Brave Writer Podcast: Prepping Your Teen for Adulthood with Myah St. John
They grow up too fast. We hear that ominous statement the moment our first precious bundle arrives in our arms, but we realize its weight when that child becomes a teen! Talk about growing pains, right?!
Our podcast guest of honor, Myah St. John, wrote to me asking, “I’ve always loved the one-room school house model, but I find it slipping away. We need to meet my teen’s high school requirements, and also the needs of my younger children…Can you help?!”
In this podcast episode we discuss strategies for:
- Rekindling an enchanted education with your teen.
- Easing into your family’s evolving dynamic — without losing your mind!
- Embracing the discomfort of accommodating a teen testing limits.
- Allowing your teen to test-drive adulthood outside the home.
Tune in to hear how Myah applied my advice and whether it worked for her family.
What about preparing a child for adulthood?
High school is a “re-upping” moment, an “It All Counts Now” moment, when we have to reevaluate how our efforts support the education that will be scrutinized by college admissions or hiring managers. As homeschooling parents, that’s our challenge.

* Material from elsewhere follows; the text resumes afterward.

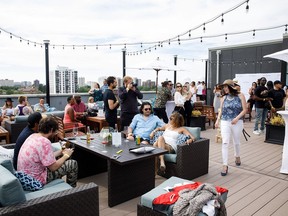 People enjoy the rooftop patio during Moet & Chandon Grand Day at the Crawford Block Annex Building in Edmonton on Saturday, June 9, 2018.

But our children are also facing new obligations and their own challenges – figuring out an academic path to college, or the path to a job – and they need to figure out who they are, at least somewhat, before they can do that.

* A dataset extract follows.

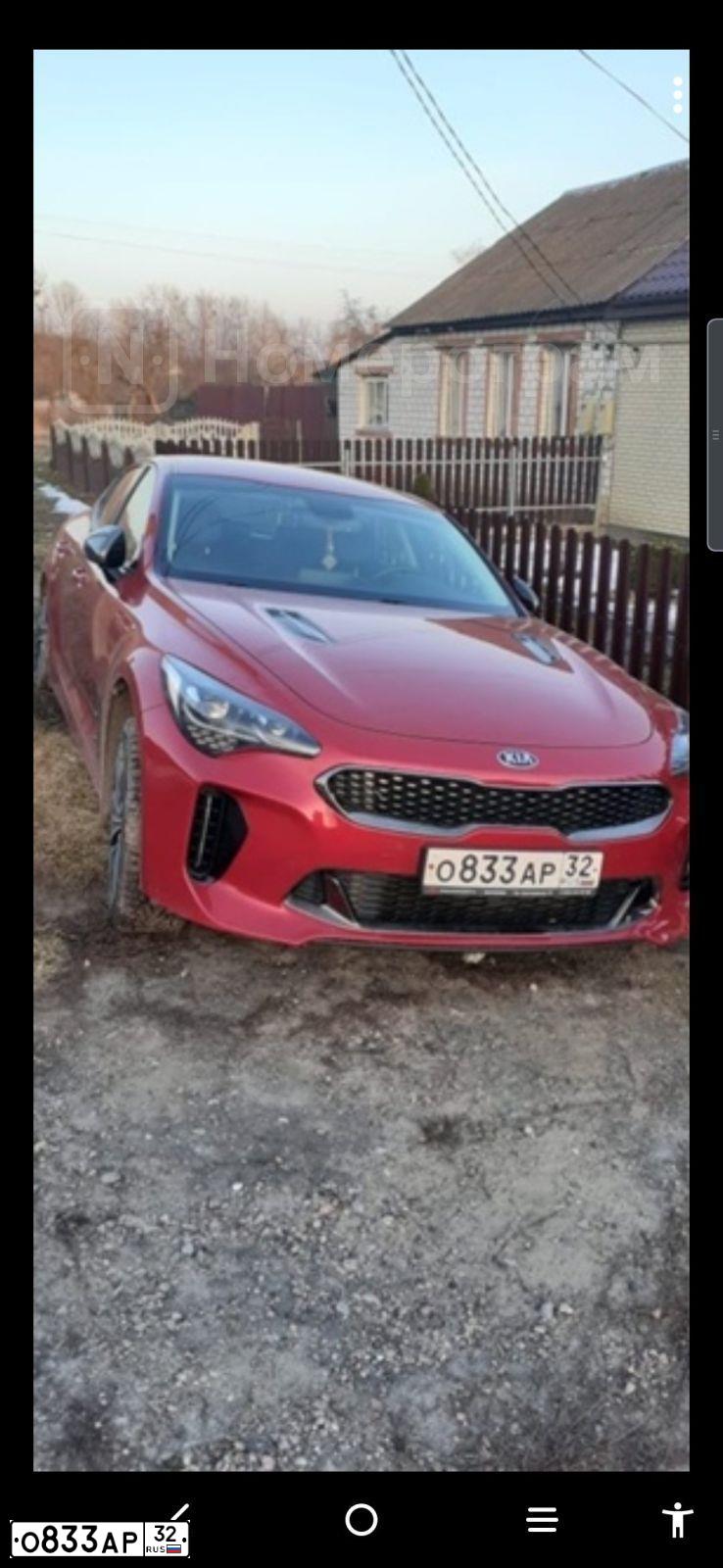 Фото автомобиля KIA STINGER, 2019 — госномер О833АР32. Цвет: Красный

So, during these teen years, there will also be a transition in the family dynamic as your teen is individuating. They join us when they’re little, but now we join them, gradually, as they become an adult.
This won’t be easy, your children may surprise or confuse you, but it’s part of the process of becoming an adult that we’re here to prepare them for. Furthermore, it will take imagination and creativity to help your teenager prepare for adulthood, both academically and personally.
Remember, there are four principles for what makes education feel magical: Surprise, Mystery, Risk, and Adventure.
Risk and adventure appeal the most to teens, and when you allow your kids to have more bandwidth in their intellectual curiosity, what they’re hearing at home can actually become more valuable to them.
Julie’s Advice
- Be aware. Notice and make notes of when your child shows up as her own person – then celebrate that, even if it’s just an internal celebration!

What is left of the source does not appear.